TASK BRIEF: Reproduce word for word the lines between the one containing "Cirò Marina - Una" and the end of the entries below, both inclusive; leave out pictures.

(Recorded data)
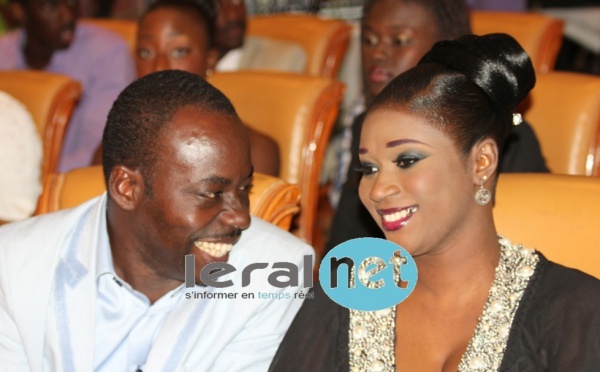 Dj Boub's et son épouse, Mame Diarra très joyeux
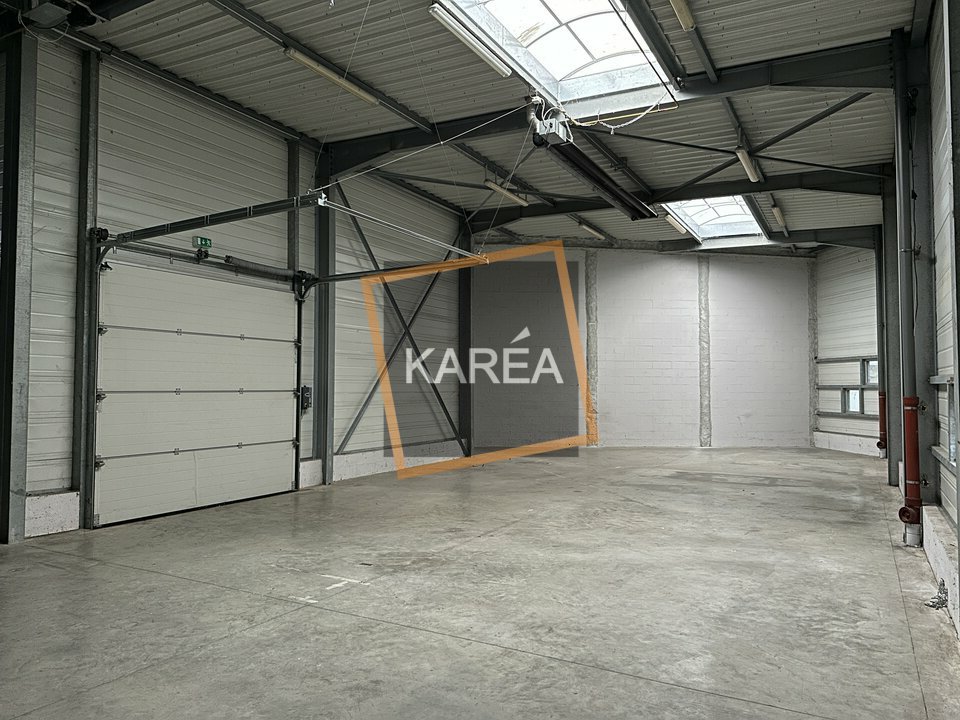 Local commercial 173 m² · à Chessy · 173 m² · 1 934 €/mois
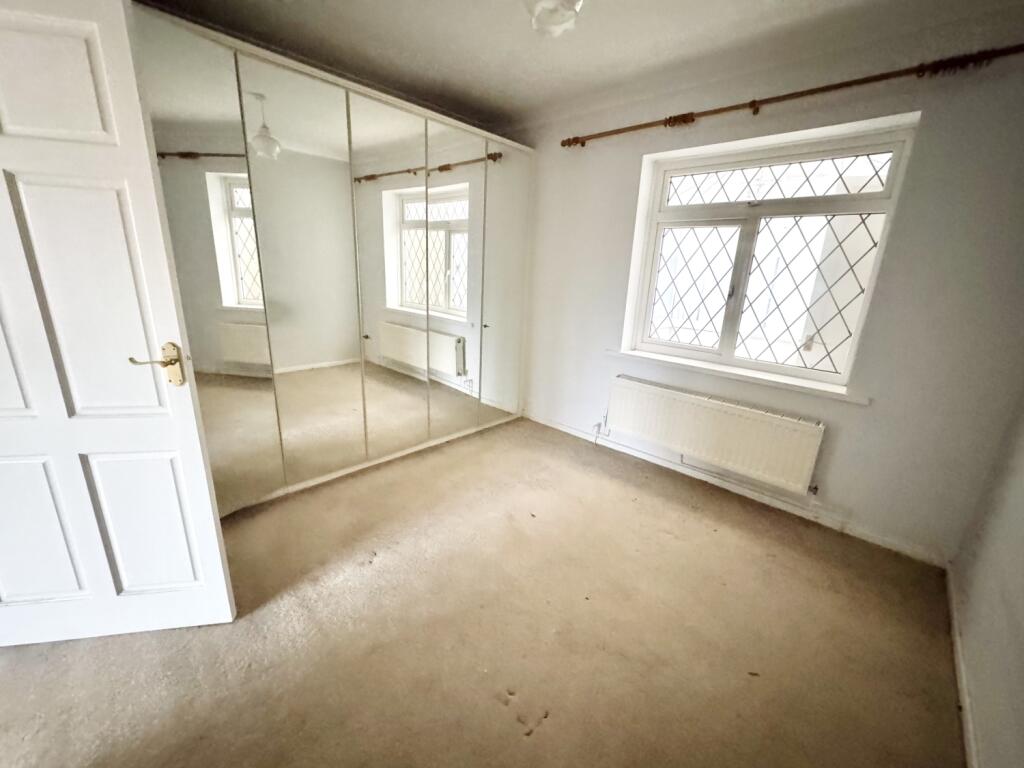 1 bed Semi-Detached Bungalow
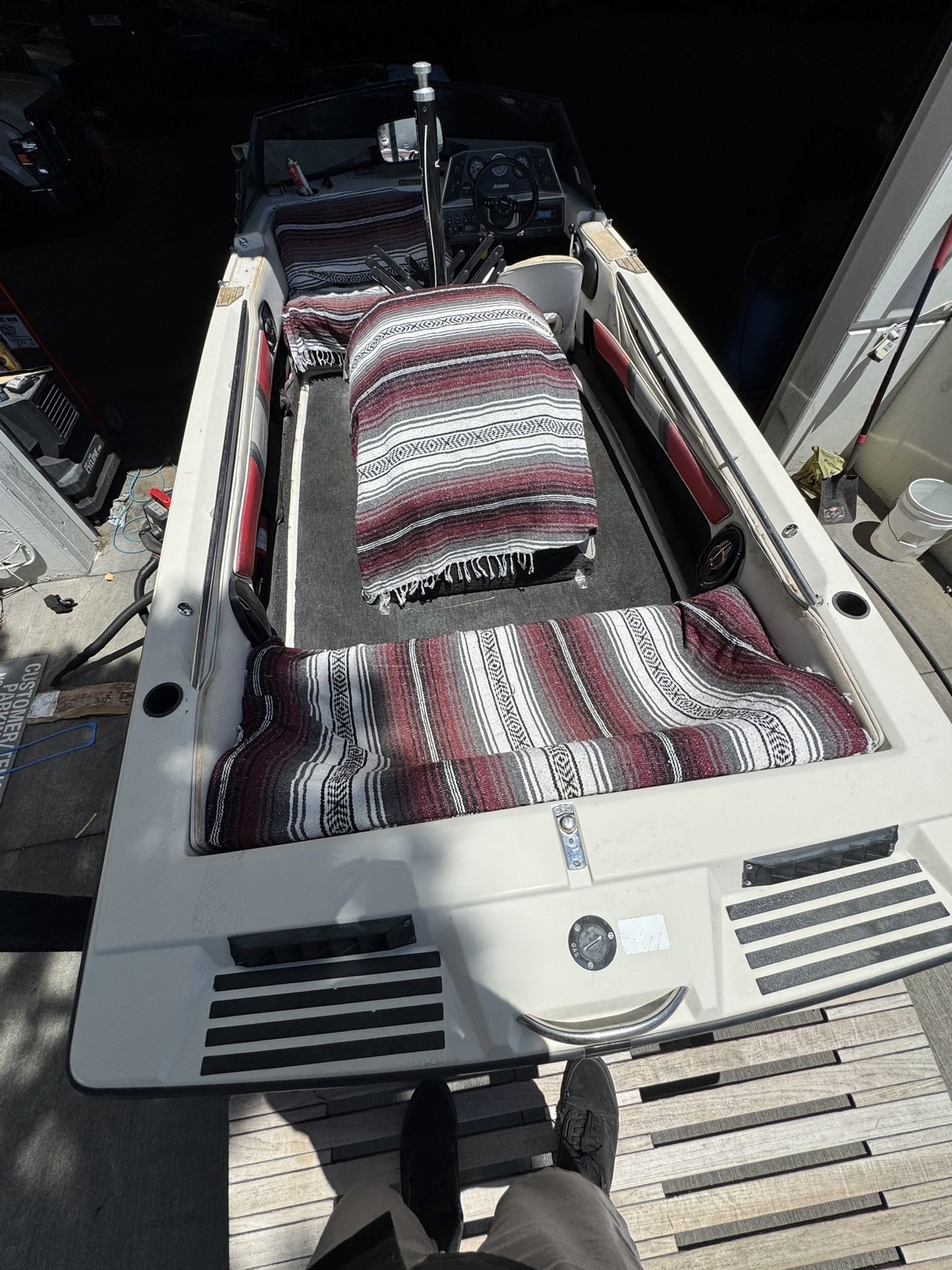 1990 Supreme Ski Boat 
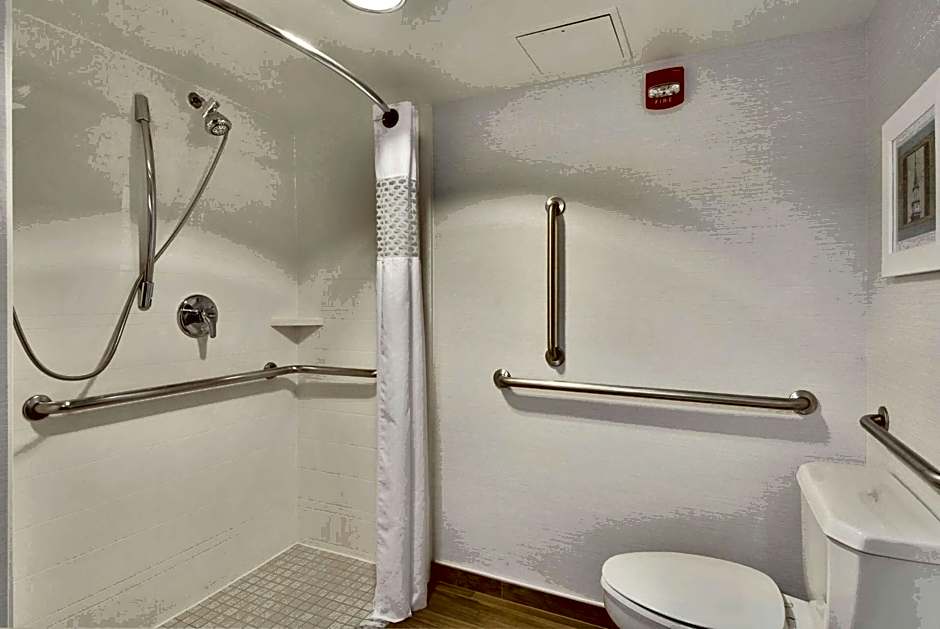 Hampton Inn By Hilton Alexandria-Old Town/King St. Metro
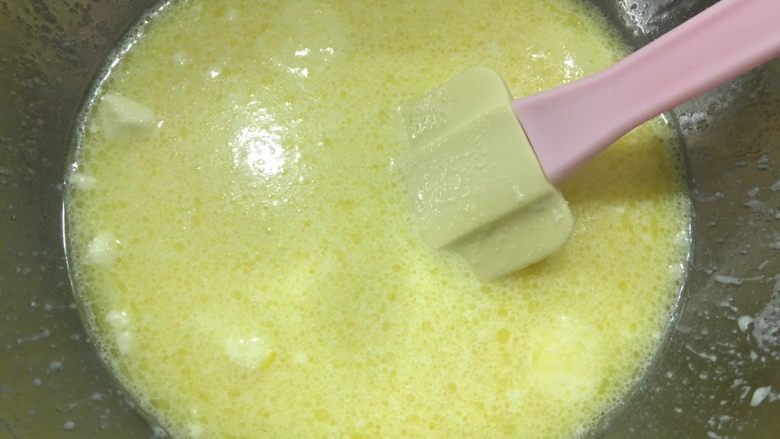 Q弹双色麻薯豆沙卷,融化好之后倒入鸡蛋，牛奶，一起搅拌好。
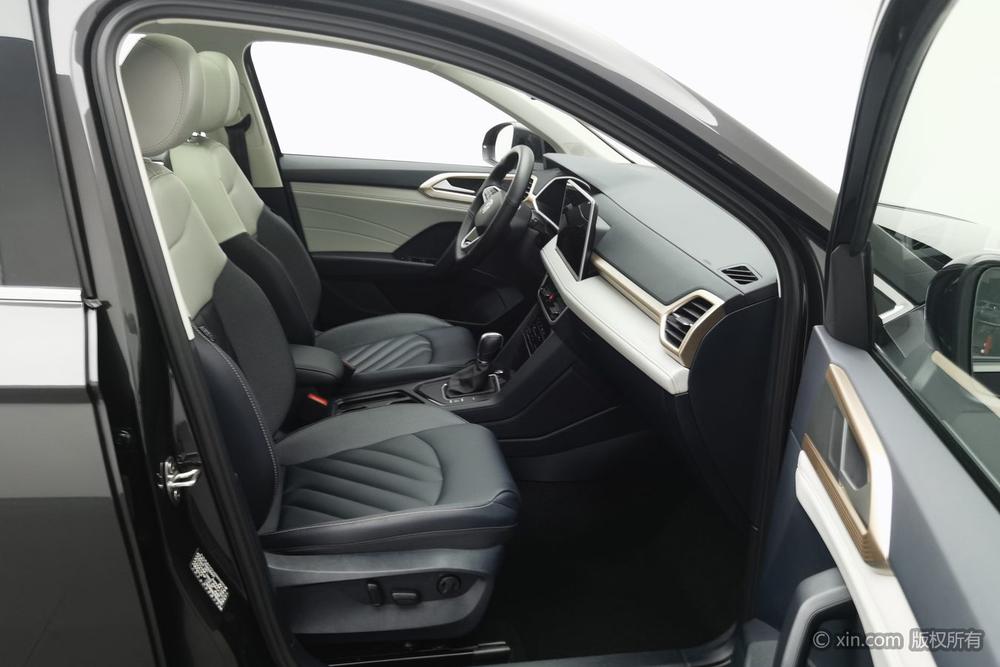 Volkswagen Tharu 2023 car image #24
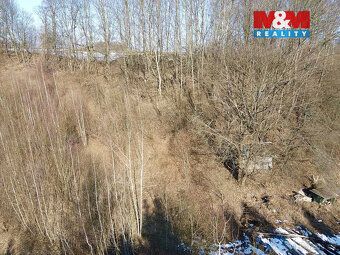 We offer for sale a plot of land measuring 3087 m² in a quiet part of Šumperk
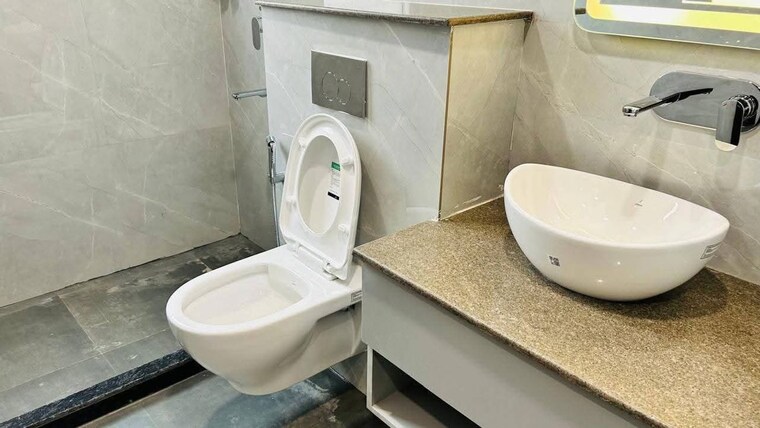 Bathroom, freedom fighters enclave 2 Bedroom 1000 Sq.Ft. Apartment In Freedom Fighters Enclave Delhi 10767647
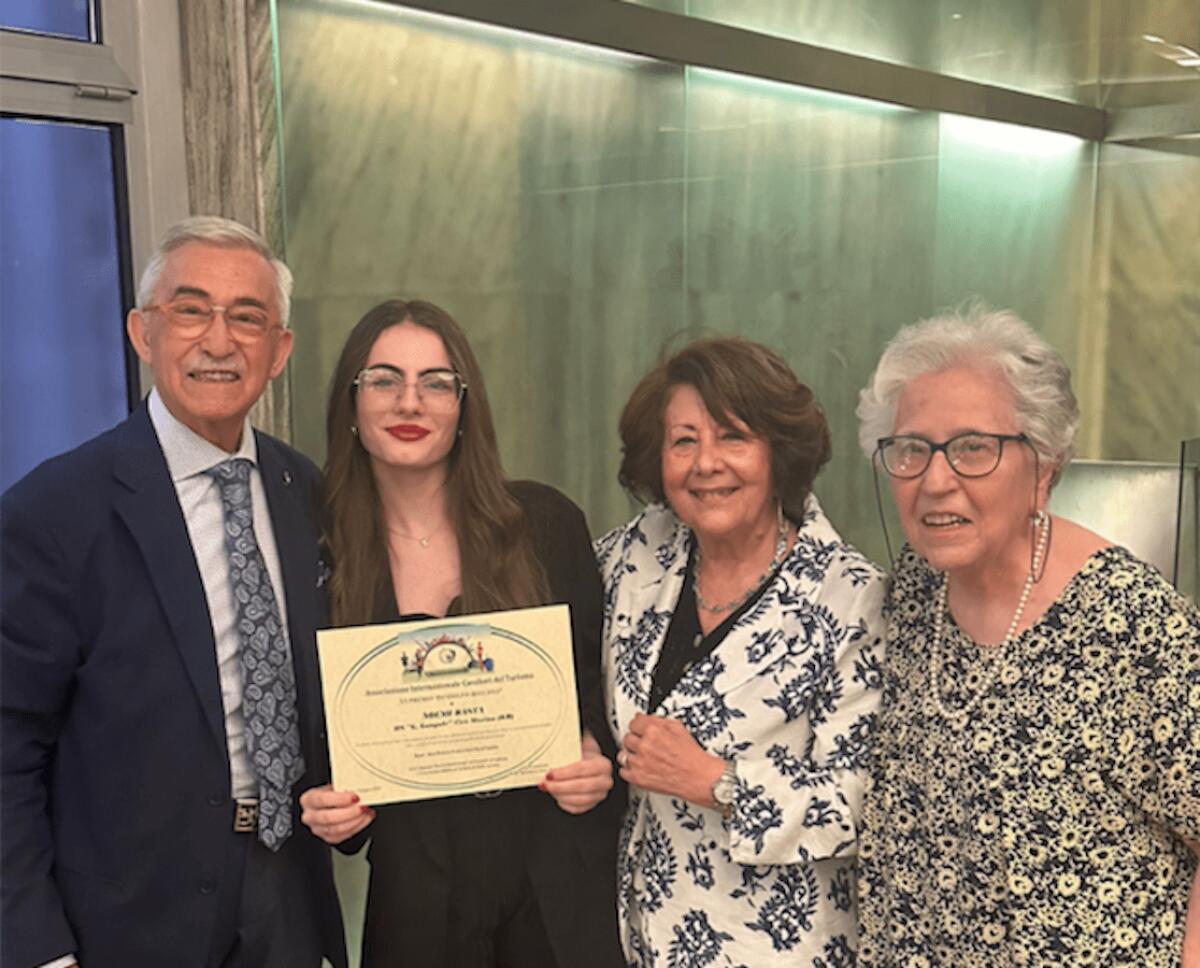 Cirò Marina - Una studentessa del Gangale tra i vincitori del Premio Pandolfo-Roscioli - 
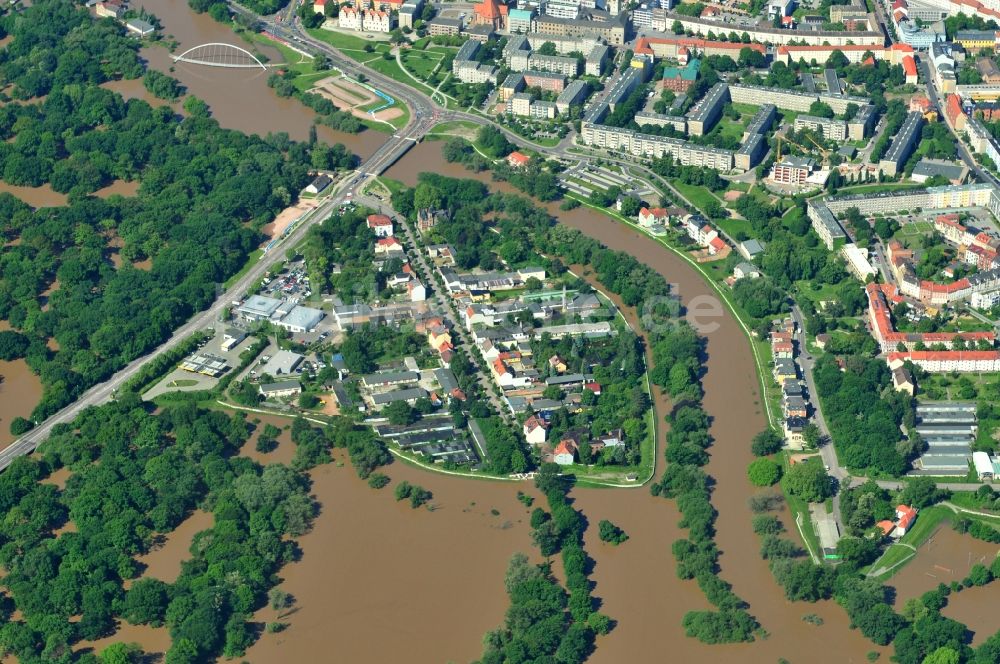 Luftbild Dessau-Roßlau - Hochwasser Pegel - Situation durch Überschwemmung und Übertritt der Ufer der Mulde bei Dessau-Roßlau im Bundesland Sachsen-Anhalt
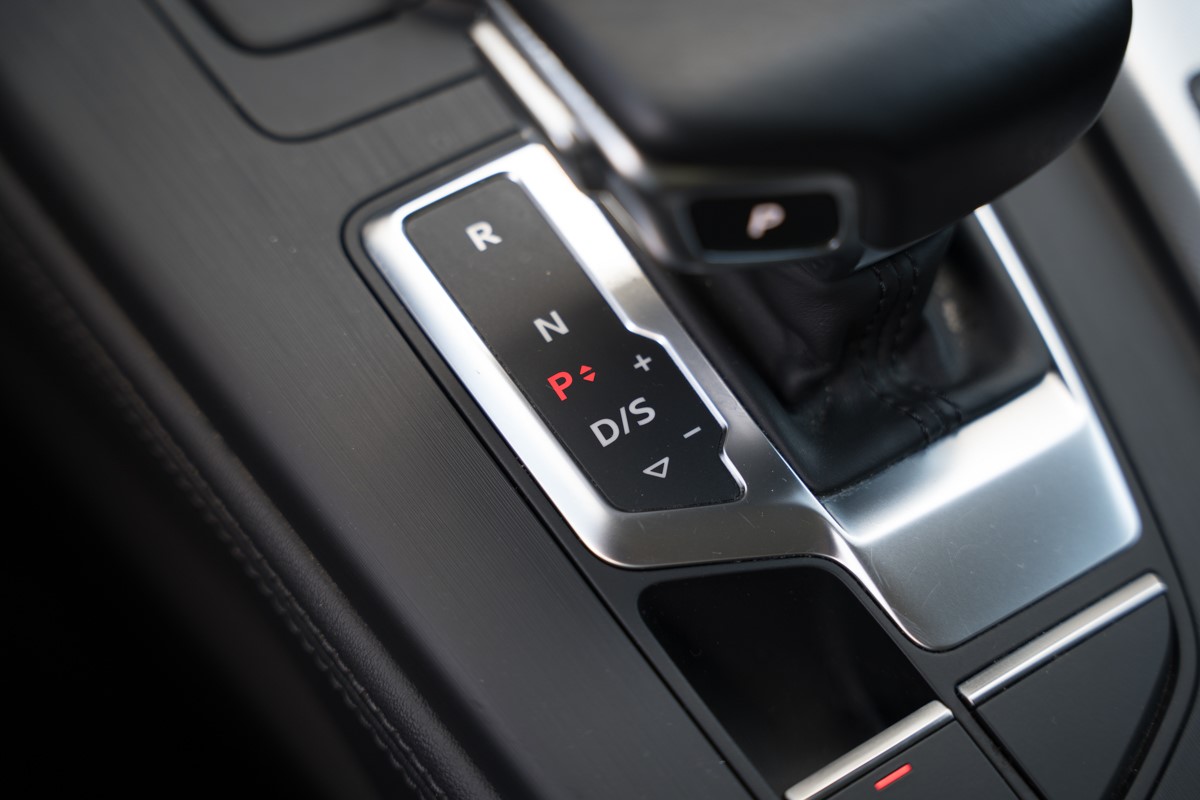 Audi A4
 35 TDI S-Tronic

TASK RESPONSE:
 Cirò Marina - Una studentessa del Gangale tra i vincitori del Premio Pandolfo-Roscioli - 
 Luftbild Dessau-Roßlau - Hochwasser Pegel - Situation durch Überschwemmung und Übertritt der Ufer der Mulde bei Dessau-Roßlau im Bundesland Sachsen-Anhalt
 Audi A4
 35 TDI S-Tronic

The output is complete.